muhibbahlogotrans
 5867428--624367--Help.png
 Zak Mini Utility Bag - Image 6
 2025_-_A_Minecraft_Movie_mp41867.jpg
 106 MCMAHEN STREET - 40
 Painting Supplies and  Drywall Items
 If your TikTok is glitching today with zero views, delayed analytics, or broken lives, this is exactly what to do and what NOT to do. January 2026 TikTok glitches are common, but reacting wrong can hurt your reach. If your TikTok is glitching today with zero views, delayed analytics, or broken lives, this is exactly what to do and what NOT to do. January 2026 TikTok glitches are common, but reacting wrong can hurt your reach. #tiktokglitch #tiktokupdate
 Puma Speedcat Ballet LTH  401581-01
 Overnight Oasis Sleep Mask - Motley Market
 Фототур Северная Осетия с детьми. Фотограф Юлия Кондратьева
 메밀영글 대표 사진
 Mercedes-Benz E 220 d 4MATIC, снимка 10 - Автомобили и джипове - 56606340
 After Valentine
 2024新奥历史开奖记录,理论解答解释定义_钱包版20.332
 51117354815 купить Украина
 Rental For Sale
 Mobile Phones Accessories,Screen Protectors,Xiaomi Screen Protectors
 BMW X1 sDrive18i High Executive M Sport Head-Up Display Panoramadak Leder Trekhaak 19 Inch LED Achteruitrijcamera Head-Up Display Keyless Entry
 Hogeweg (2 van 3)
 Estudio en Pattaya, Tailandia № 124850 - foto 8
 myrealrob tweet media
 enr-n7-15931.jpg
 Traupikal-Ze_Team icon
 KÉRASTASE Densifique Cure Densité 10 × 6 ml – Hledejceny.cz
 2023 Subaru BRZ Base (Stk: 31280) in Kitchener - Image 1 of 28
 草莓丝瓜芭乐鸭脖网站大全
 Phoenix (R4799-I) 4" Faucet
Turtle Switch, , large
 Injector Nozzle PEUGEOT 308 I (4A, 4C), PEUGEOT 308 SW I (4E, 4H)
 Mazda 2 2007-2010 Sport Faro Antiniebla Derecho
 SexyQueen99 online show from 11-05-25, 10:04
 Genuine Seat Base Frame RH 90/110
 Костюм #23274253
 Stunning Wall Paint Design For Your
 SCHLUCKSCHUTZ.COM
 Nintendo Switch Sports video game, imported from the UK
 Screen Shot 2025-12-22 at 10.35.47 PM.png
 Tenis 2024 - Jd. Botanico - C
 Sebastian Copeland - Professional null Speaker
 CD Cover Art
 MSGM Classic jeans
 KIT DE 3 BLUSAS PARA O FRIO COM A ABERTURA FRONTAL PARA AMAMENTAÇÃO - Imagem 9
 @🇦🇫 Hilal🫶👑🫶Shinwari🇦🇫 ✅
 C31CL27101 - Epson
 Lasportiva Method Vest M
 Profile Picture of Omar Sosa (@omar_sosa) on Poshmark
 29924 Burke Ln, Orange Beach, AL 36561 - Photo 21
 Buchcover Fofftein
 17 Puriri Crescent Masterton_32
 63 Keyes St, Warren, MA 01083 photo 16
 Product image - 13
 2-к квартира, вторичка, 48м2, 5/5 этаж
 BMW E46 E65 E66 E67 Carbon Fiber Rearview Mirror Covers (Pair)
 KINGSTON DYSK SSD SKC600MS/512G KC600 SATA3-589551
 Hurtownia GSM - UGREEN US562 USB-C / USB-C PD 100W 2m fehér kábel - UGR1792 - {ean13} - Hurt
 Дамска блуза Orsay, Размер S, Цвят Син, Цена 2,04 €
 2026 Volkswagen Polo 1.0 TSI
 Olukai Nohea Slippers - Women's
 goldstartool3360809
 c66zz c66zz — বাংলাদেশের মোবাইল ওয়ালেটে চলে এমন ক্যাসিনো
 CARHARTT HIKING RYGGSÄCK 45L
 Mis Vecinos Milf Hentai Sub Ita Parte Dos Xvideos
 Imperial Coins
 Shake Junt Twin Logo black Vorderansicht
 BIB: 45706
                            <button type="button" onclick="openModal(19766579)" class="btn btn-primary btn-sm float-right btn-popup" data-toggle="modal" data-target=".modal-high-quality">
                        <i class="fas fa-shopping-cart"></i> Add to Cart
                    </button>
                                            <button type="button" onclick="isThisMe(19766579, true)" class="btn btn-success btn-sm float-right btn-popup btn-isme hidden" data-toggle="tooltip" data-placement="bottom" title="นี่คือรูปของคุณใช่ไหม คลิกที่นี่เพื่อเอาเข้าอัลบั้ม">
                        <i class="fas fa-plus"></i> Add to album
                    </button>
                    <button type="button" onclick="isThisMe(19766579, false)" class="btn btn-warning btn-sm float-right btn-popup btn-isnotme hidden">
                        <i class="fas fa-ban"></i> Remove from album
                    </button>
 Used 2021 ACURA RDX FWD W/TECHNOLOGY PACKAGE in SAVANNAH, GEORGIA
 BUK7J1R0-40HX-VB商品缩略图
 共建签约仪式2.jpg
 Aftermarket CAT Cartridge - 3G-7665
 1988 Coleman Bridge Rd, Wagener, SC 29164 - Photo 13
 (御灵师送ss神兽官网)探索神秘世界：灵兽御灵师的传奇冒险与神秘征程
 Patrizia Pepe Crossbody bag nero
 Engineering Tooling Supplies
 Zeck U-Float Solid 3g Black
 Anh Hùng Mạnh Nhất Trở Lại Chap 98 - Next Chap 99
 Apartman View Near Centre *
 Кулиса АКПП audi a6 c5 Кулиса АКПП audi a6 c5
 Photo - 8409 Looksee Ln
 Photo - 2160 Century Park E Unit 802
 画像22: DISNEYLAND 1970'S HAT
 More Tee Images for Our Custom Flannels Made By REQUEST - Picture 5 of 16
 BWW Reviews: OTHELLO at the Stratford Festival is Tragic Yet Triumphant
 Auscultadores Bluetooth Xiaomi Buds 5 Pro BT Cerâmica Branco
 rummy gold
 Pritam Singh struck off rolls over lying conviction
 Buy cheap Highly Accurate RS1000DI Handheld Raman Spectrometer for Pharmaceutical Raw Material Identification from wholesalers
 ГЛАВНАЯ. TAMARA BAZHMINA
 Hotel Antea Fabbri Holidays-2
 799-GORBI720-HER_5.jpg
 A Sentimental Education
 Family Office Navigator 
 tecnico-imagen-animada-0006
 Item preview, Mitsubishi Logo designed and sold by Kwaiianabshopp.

▶ Work instruction
Look for the line that contains "BWW Reviews: OTHELLO" in the listing above. Set down that line and each line after it, ending with the last one.

▶ Answer to this exercise
 BWW Reviews: OTHELLO at the Stratford Festival is Tragic Yet Triumphant
 Auscultadores Bluetooth Xiaomi Buds 5 Pro BT Cerâmica Branco
 rummy gold
 Pritam Singh struck off rolls over lying conviction
 Buy cheap Highly Accurate RS1000DI Handheld Raman Spectrometer for Pharmaceutical Raw Material Identification from wholesalers
 ГЛАВНАЯ. TAMARA BAZHMINA
 Hotel Antea Fabbri Holidays-2
 799-GORBI720-HER_5.jpg
 A Sentimental Education
 Family Office Navigator 
 tecnico-imagen-animada-0006
 Item preview, Mitsubishi Logo designed and sold by Kwaiianabshopp.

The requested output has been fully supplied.